Centre for BioSystems Science and Engineering, Indian Institute of Science, Bangalore, India.
Essays Biochem. 2022 Sep 16;66(4):387-398. doi: 10.1042/EBC20220038.
Intratumoral heterogeneity can exist along multiple axes: Cancer stem cells (CSCs)/non-CSCs, drug-sensitive/drug-tolerant states, and a spectrum of epithelial-hybrid-mesenchymal phenotypes. Further, these diverse cell-states can switch reversibly among one another, thereby posing a major challenge to therapeutic efficacy. Therefore, understanding the origins of phenotypic plasticity and heterogeneity remains an active area of investigation. While genomic components (mutations, chromosomal instability) driving heterogeneity have been well-studied, recent reports highlight the role of non-genetic mechanisms in enabling both phenotypic plasticity and heterogeneity. Here, we discuss various processes underlying phenotypic plasticity such as stochastic gene expression, chromatin reprogramming, asymmetric cell division and the presence of multiple stable gene expression patterns ('attractors'). These processes can facilitate a dynamically evolving cell population such that a subpopulation of (drug-tolerant) cells can survive lethal drug exposure and recapitulate population heterogeneity on drug withdrawal, leading to relapse. These drug-tolerant cells can be both pre-existing and also induced by the drug itself through cell-state reprogramming. The dynamics of cell-state transitions both in absence and presence of the drug can be quantified through mathematical models. Such a dynamical systems approach to elucidating patterns of intratumoral heterogeneity by integrating longitudinal experimental data with mathematical models can help design effective combinatorial and/or sequential therapies for better clinical outcomes.

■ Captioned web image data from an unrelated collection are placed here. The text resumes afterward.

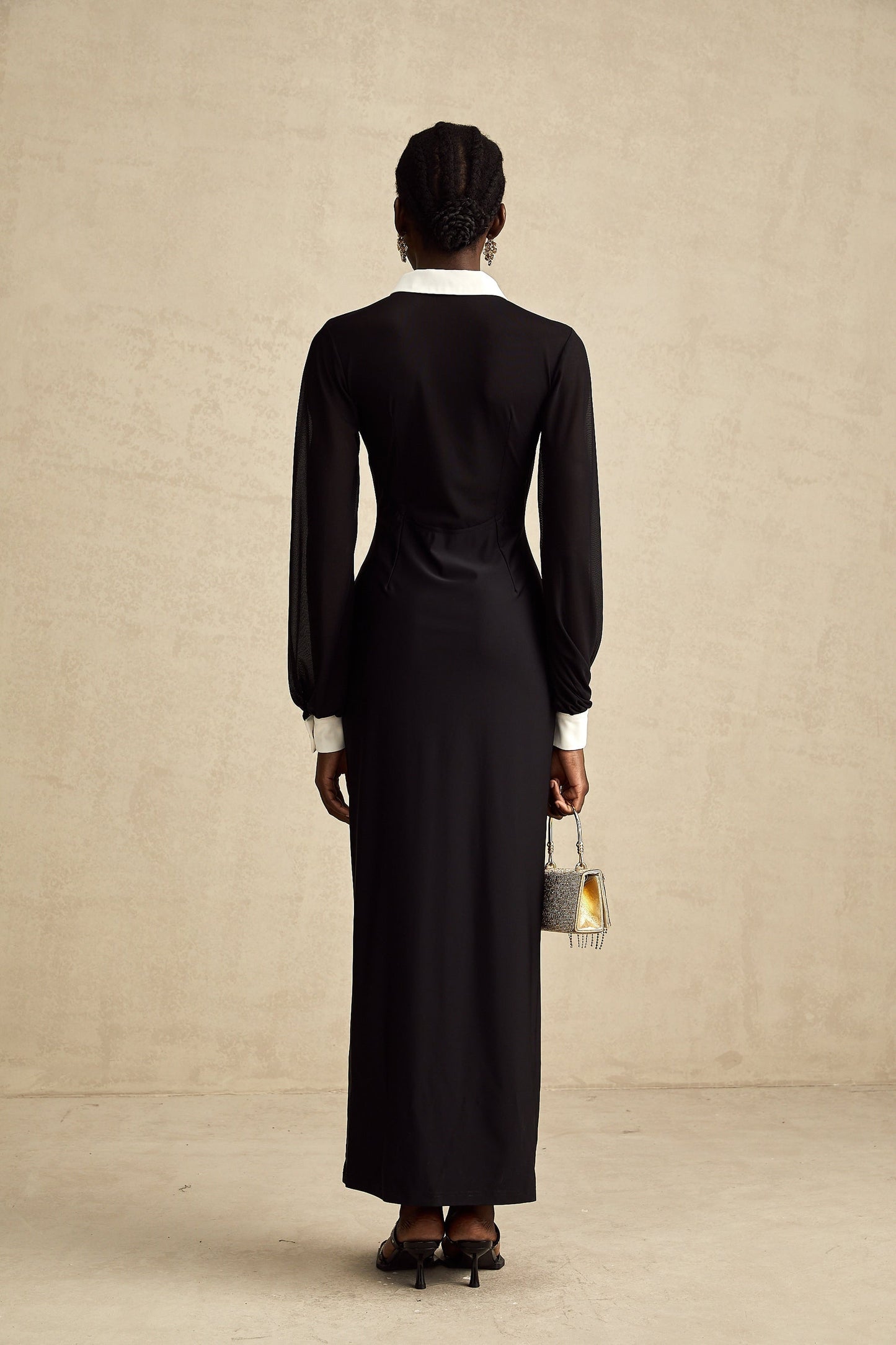 A long flowing maxi dress with contrasting colors and semisheer fabric featuring a delicate and feminine design
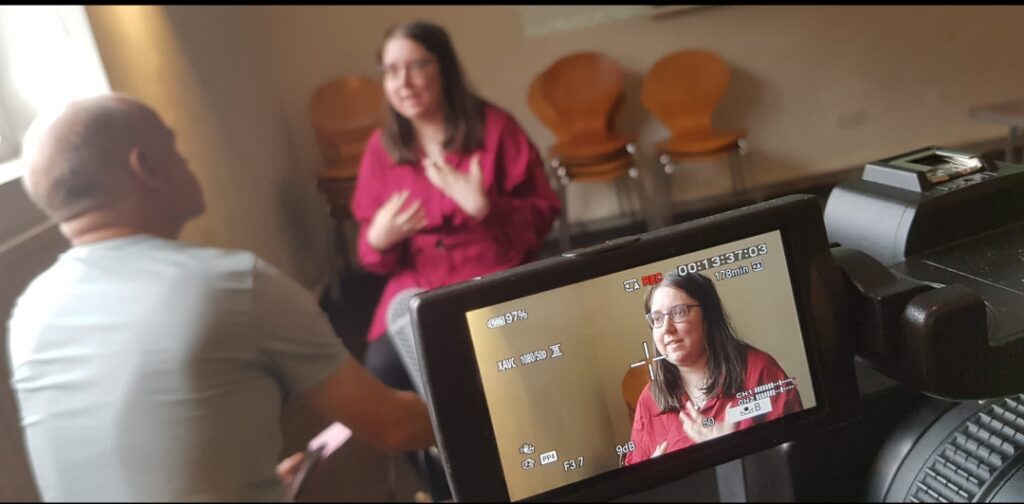 Being interviewed in a training session.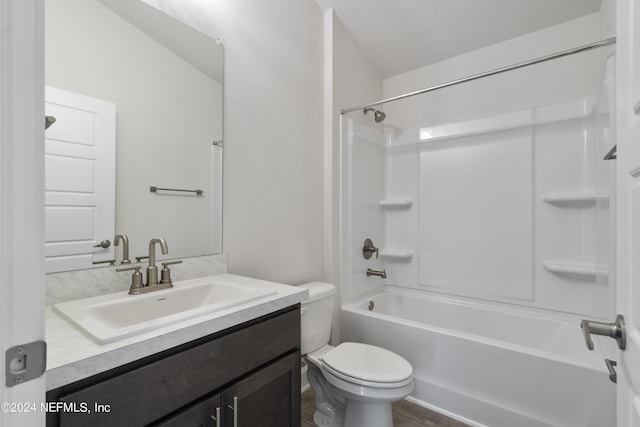 full bathroom featuring vanity, toilet, a textured ceiling, wood-type flooring, and tub / shower combination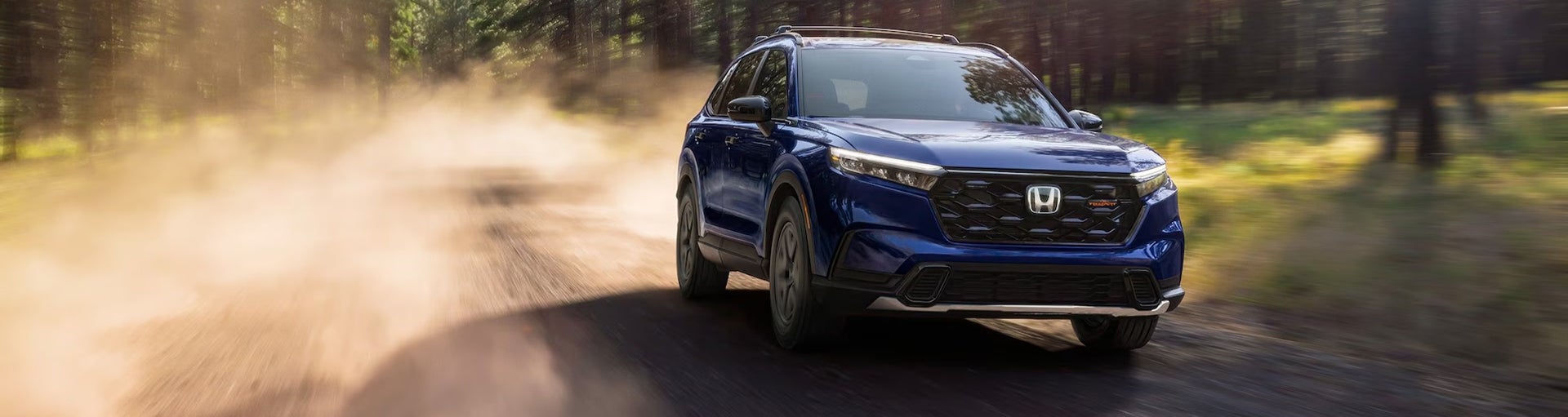 A blue Honda CR-V Hybrid TrailSport leaving a trail of dust driving on a dirt road.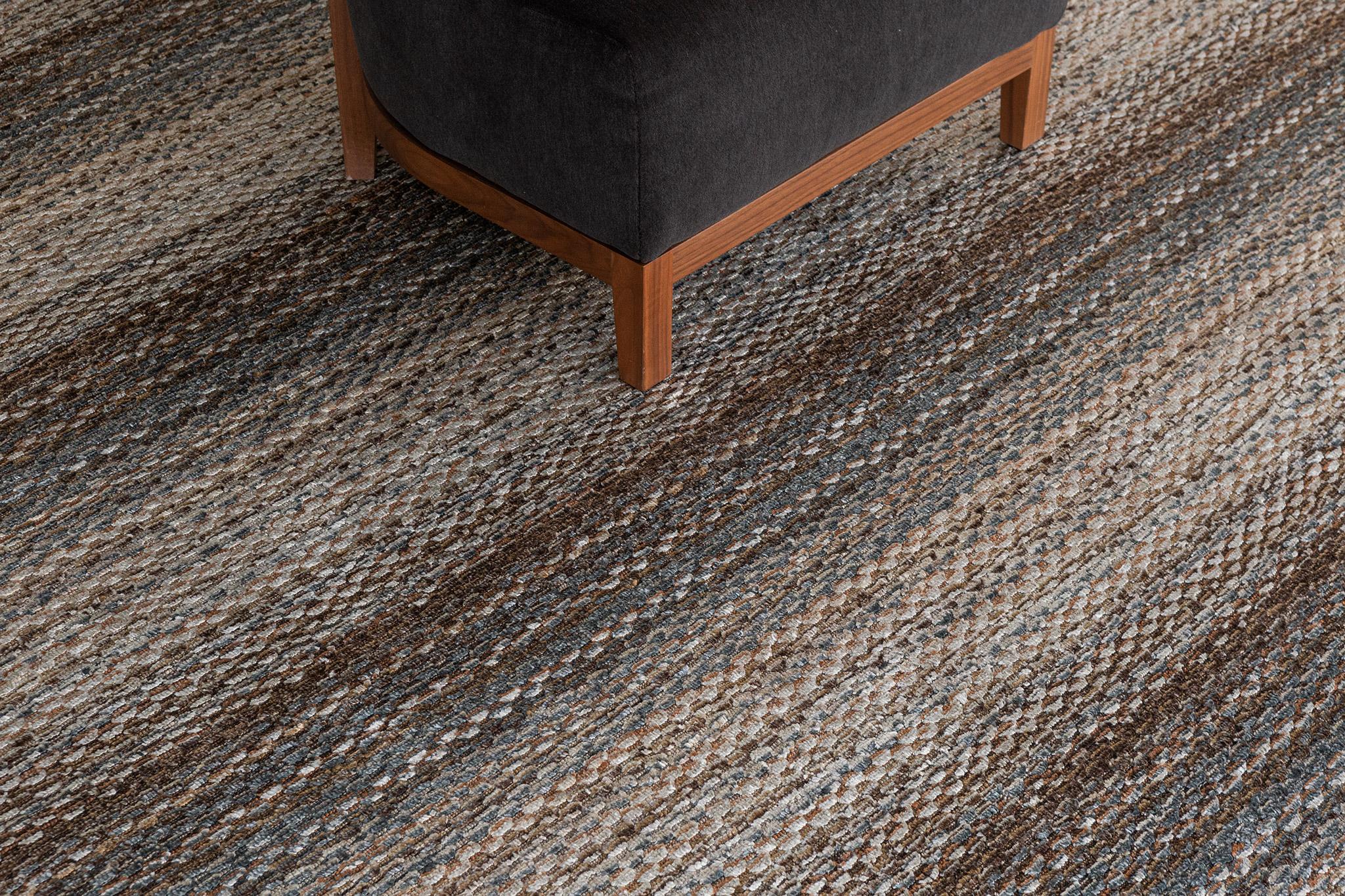 A fascinating modern hand loom rug in our Luca Collection. The delicate ribbed style rug in neutral brown tones give it a sophisticated and beguiling feel. Repeating pile detailing also brings a tranquil and noteworthy uniqueness to this piece. This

癌症干细胞 (CSC)/非 CSC、药物敏感/耐药状态以及一系列上皮-混合-间充质表型。此外,这些不同的细胞状态可以相互可逆地转换,从而对治疗效果构成重大挑战。因此,了解表型可塑性和异质性的起源仍然是一个活跃的研究领域。虽然已经很好地研究了驱动异质性的基因组成分(突变、染色体不稳定性),但最近的报告强调了非遗传机制在实现表型可塑性和异质性方面的作用。在这里,我们讨论了表型可塑性的各种潜在过程,例如随机基因表达、染色质重编程、不对称细胞分裂和多个稳定基因表达模式(“吸引子”)的存在。这些过程可以促进动态演变的细胞群体,使得(耐药)细胞的亚群能够在致命药物暴露下存活,并在停药后再现群体异质性,导致复发。这些耐药细胞既可以是预先存在的,也可以通过药物本身通过细胞状态重编程诱导产生。在没有和有药物存在的情况下,细胞状态转换的动力学可以通过数学模型进行量化。通过将纵向实验数据与数学模型相结合,以动态系统方法阐明肿瘤内异质性模式,可以帮助设计有效的组合和/或序贯治疗方法,以获得更好的临床结果。